Case Name: UNITED STATES of America, Petitioner, v. Honorable Caleb M. WRIGHT, Chief Judge, United States District Court for the District of Delaware, Respondent
Court: United States Court of Appeals for the Third Circuit
Jurisdiction: United States
Decision Date: 1960-03-22
Citations: 282 F.2d 428
Docket Number: No. 13186
Parties: UNITED STATES of America, Petitioner, v. Honorable Caleb M. WRIGHT, Chief Judge, United States District Court for the District of Delaware, Respondent.
Judges: 
Reporter: Federal Reporter 2d Series
Volume: 282
Pages: 428–431

Head Matter:
UNITED STATES of America, Petitioner, v. Honorable Caleb M. WRIGHT, Chief Judge, United States District Court for the District of Delaware, Respondent.
No. 13186.
United States Court of Appeals Third Circuit.
Petition for Writ of Mandamus Denied March 22, 1960.
Rehearing Denied June 15, 1960.
As Amended July 28, 1960.
George Cochran Doub, Asst. Atty. Gen., Leonard G. Hagner, U. S. Atty., Morton Hollander, Mark R. Joelson, Attys., Dept, of Justice, Washington, D. C., on the brief for the United States.
James M. Tunnell, Jr., Wilmington, Del., for United Airlines, Inc.
No appearance for Judge Wright.
Before BIGGS, Chief Judge, and GOODRICH, McLAUGHLIN, KALOD-NER, STALEY, HASTIE and FOR-MAN, Circuit Judges.

Opinion:
PER CURIAM.
In this case a petition for a writ of mandamus was denied. A petition for rehearing followed. The dissent to denial of that petition makes necessary this brief opinion.

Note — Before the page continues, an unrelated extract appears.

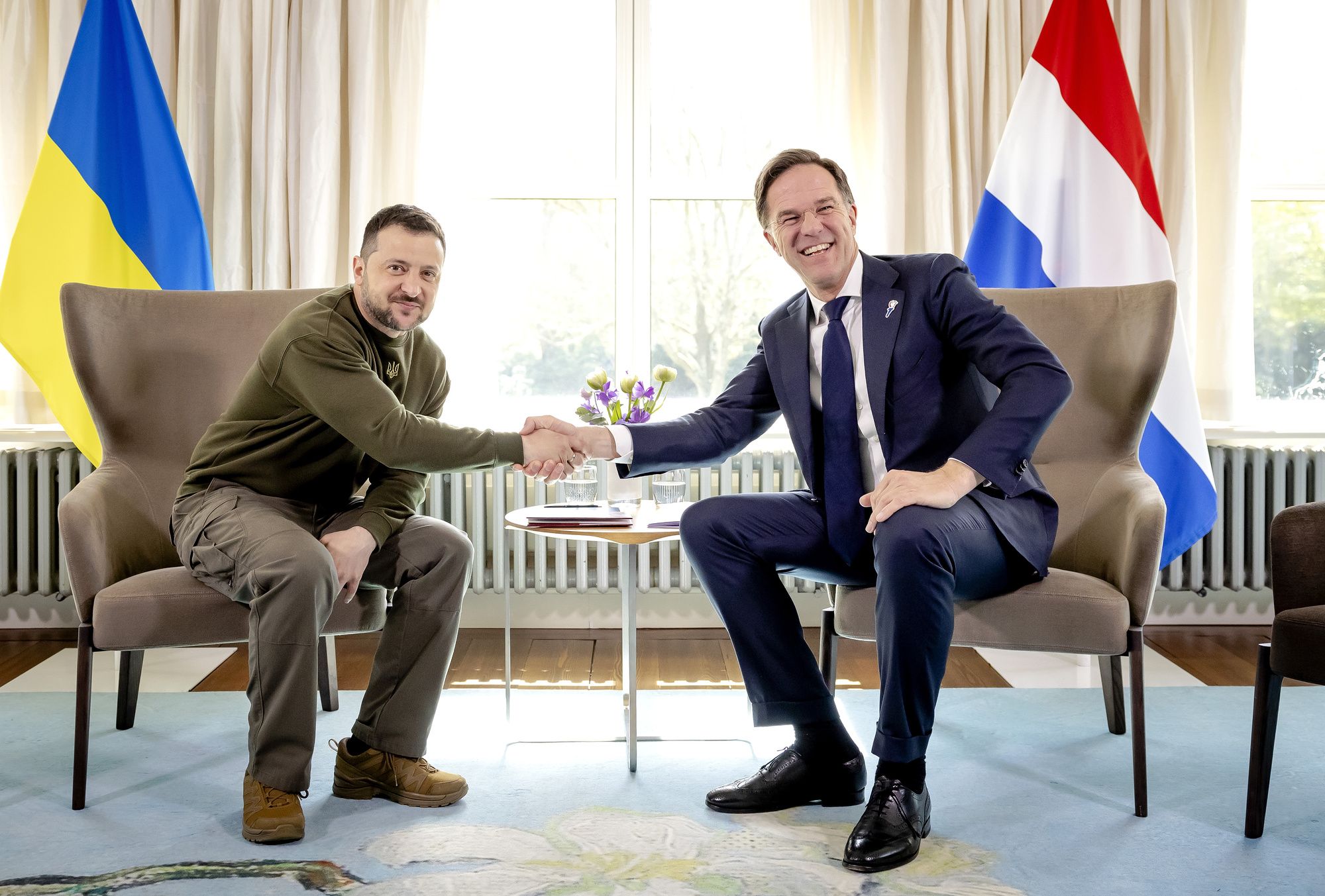 Netherlands allocates €1B for military aid to Ukraine and €400M for reconstruction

The alleged abuse of discretion attributed to the district judge is that he employed improper standards in deciding the motion for change of venue. What is charged is a mistake of law. To issue mandamus on that basis would be to substitute the writ for appeal. The next step and it would be a short one might well be use or rather misuse of the writ to correct interlocutory orders where appeal is foreclosed, by urging abuse of discretion.
If we issued a writ in this instance, what action would it direct? Though we are satisfied to the contrary, assuming the district judge failed to apply the standards set forth in 28 U.S.C.A. § 1404 (a) we are without knowledge that he would have granted the transfer even if he had followed § 1404. Were we to direct a transfer of this cause we would in effect be assuming original jurisdiction.
In that original jurisdiction phase there are strong arguments in favor of change of venue. But those arguments are not so strong as to justify us in holding that the district judge, who was alert to and guided by Section 1404, abused his discretion in denying the motion. Dissent from his view represents a difference of opinion, nothing more. It would be a grave mistake for us to seize on the elements presented so well by petitioner as an excuse to arbitrarily strip the district court of the result of its independent honest thinking, i. e. its judgment, and force that thinking to be controlled decisionally by an appellate tribunal.
The petition for rehearing will be denied.
. "For the convenience of parties and witnesses, in the interest of justice, a district court may transfer any civil action to any other district or division where it might have been brought."